The group has spent one million euros on the structure, which will use about 3,800 photovoltaic panels on an area of 1.6 hectares — about the size of two football fields. The companies hope the investment will pay off within seven years.

The level of sunshine “here is the same as in the south of Germany,” Varyagin says.

Ukraine, which is trying to reduce its energy dependence on Russia in recent years, is seeking to exploit the potential of the Chernobyl exclusion zone that surrounds the damaged nuclear power plant.

Chernobyl’s reactor four exploded April 26, 1986, and contaminated up to three quarters of Europe, according to some estimates, with Russia, Ukraine and Belarus being the most affected.

After the disaster the Soviet authorities evacuated hundreds of thousands of people and this vast territory, more than 2,000 square kilometers wide, remained abandoned.

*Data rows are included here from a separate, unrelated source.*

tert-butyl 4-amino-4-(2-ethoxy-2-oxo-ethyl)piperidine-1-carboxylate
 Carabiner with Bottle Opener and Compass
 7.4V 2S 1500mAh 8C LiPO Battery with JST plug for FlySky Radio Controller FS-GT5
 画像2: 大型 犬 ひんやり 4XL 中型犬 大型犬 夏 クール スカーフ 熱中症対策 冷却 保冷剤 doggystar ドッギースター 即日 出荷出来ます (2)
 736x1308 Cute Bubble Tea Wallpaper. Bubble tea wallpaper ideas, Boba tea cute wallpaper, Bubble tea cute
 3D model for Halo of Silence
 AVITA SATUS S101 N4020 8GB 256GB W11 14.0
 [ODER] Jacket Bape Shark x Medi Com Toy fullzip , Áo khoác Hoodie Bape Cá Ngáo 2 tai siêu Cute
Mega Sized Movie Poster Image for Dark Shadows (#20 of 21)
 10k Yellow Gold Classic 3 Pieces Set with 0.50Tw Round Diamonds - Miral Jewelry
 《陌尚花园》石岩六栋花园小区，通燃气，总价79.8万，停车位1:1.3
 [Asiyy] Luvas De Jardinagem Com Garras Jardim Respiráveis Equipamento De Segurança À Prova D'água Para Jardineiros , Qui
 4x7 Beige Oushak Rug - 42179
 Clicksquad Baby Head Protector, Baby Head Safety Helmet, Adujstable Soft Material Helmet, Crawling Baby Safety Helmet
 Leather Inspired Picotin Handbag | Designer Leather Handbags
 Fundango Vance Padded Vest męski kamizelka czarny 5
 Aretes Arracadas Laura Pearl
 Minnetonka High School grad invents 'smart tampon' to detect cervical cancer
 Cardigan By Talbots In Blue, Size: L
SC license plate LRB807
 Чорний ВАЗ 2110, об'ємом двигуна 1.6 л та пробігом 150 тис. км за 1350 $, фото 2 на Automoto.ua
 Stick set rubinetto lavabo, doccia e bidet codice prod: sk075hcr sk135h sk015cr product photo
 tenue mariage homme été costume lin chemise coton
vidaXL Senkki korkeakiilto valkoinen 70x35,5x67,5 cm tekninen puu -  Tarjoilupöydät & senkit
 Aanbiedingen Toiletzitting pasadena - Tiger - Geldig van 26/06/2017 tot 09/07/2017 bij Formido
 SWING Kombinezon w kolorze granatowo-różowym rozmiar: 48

Despite Ukrainian authorities suggesting it could be “more than 24,000 years” before humans can return to living in the zone, they believe a prudent industrial exploitation of the area can be carried out.

“This territory obviously can not be used for agriculture, but it is quite suitable for innovative and scientific projects,” said Ostap Semerak, Ukrainian Minister of the Environment, one of promoters of the idea of placing solar power plants in Chernobyl, in a 2006 interview with AFP.

The installation of a giant sealed arch above the ruins of the damaged reactor in 2016 made the realization of the solar project possible.

Funded by the international community, the new dome has covered the old “sarcophagus” in concrete, cracked and unstable, to make a greater isolation of the highly radioactive magma in the reactor.

As a result, the level of radiation near the plant has been divided by ten in one year, according to official figures.

Despite the progress, precautions are still needed.

New solar panels installations are not directly buried into the soil, but fixed on concrete blocks.

The soil remains contaminated, explains Varyagin, whose group is a joint venture of the Ukrainian firms Rodina Energy Group and Germany Enerparc AG.

“We can not drill or dig here because of the strict safety rules,” he says.

In 2016, the consortium had already built a four-megawatt solar power plant in the irradiated zone in neighboring Belarus, several kilometres from Chernobyl.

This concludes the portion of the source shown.